LLMs Have A Lot Of Knowledge, But They Aren't Necessarily Very Intelligent: Evolutionary Biologist David Krakauer

Modern LLMs are rapidly becoming more and more capable, but they might not necessarily be getting more intelligent.

That’s the provocative argument from David Krakauer, an evolutionary biologist and President of the Santa Fe Institute, who recently challenged a fundamental assumption about how we evaluate AI systems. Speaking to an audience, Krakauer drew on the history of intelligence testing to make a distinction that has profound implications for how we think about large language models: knowledge and intelligence are not the same thing.

“Who’s actually studied the history of the IQ test?” Krakauer asked. “One of the things I want to say very clearly here is intelligence is not knowledge. In fact, in most of these tests, what you’re trying to do is factor out contributions from knowledge. The relationship is deep with knowledge, but it would be completely unfair to say that someone isn’t intelligent because they were ignorant of certain facts.”

He continued: “In fact, in my life when I was at school, the people who were described as intelligent were the ones who could solve problems without knowing anything. So notice what an LLM is here. An LLM is a library. It knows everything, is not intelligent. Intelligence is actually, as I think of it anyway, more with less, not more with more. We’ve always known that. Why are we so confused when it comes to LLMs?”

Krakauer then offered a vivid analogy to drive his point home: “If you were sitting next to someone in a classroom and you were given an exam and they went to the library and looked up the answer, you would not say they’re clever. You’d say they were cheats. There would be another kind of language you’d use, but you wouldn’t call it intelligent. I don’t know why we’re doing this now. It annoys me.”

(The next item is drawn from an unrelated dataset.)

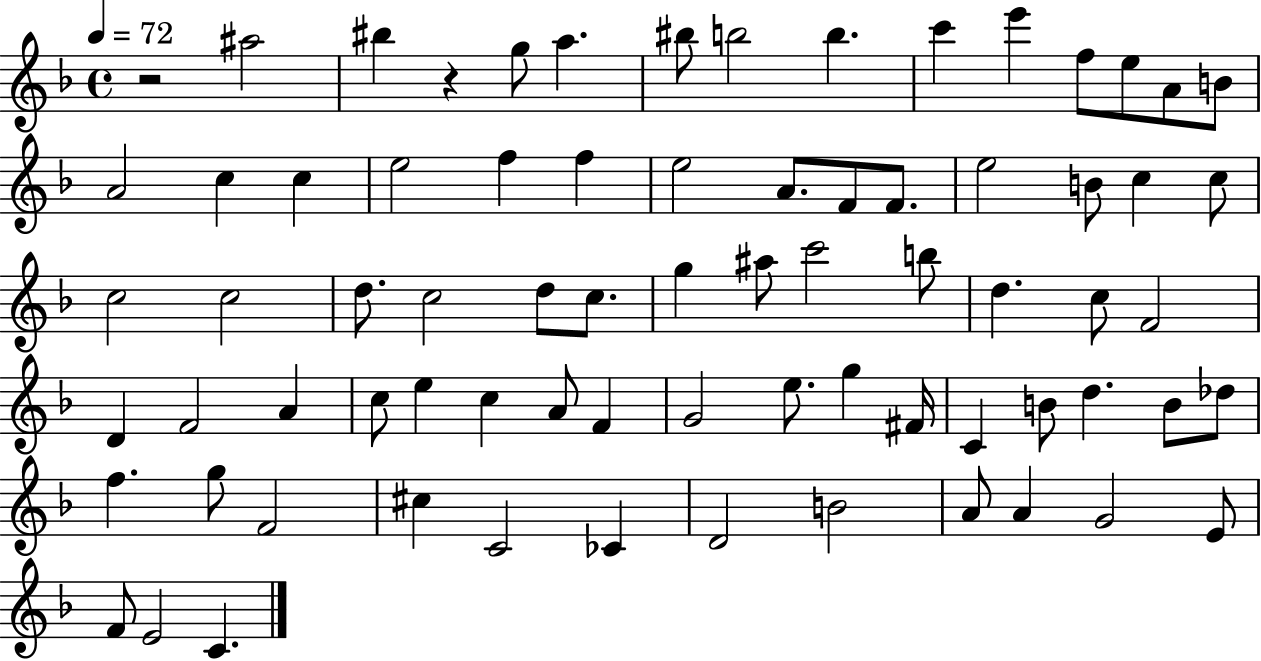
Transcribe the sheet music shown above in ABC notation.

The implications of this distinction are significant for the AI industry. While companies race to pack more parameters and training data into their models—with OpenAI’s GPT-5 reportedly containing over a trillion parameters and being trained on vast swaths of internet text—they may be building increasingly sophisticated libraries rather than increasingly intelligent systems. Current benchmarks often measure knowledge retrieval and pattern matching rather than genuine problem-solving with minimal information.

When LLMs are tested on actual IQ tests, the results are telling. Grok 4 and Claude Opus score around 120 on offline IQ tests, while some like DeepSeek score only 91. However, these scores could be somewhat misleading—the models could be performing well precisely because they can draw on vast stores of memorized information, not because they can reason abstractly with minimal context, which is what IQ tests were originally designed to measure.

Krakauer’s critique arrives at a moment when the industry is grappling with diminishing returns from simply scaling up models. Recent reports suggest that improvements in capability are plateauing relative to increases in computational resources. Perhaps this is because, as Krakauer suggests, we’ve been optimizing for the wrong metric all along—confusing the accumulation of knowledge with the emergence of intelligence. True intelligence, by his definition—doing more with less—might require fundamentally different architectures that prioritize reasoning and abstraction over memorization and retrieval.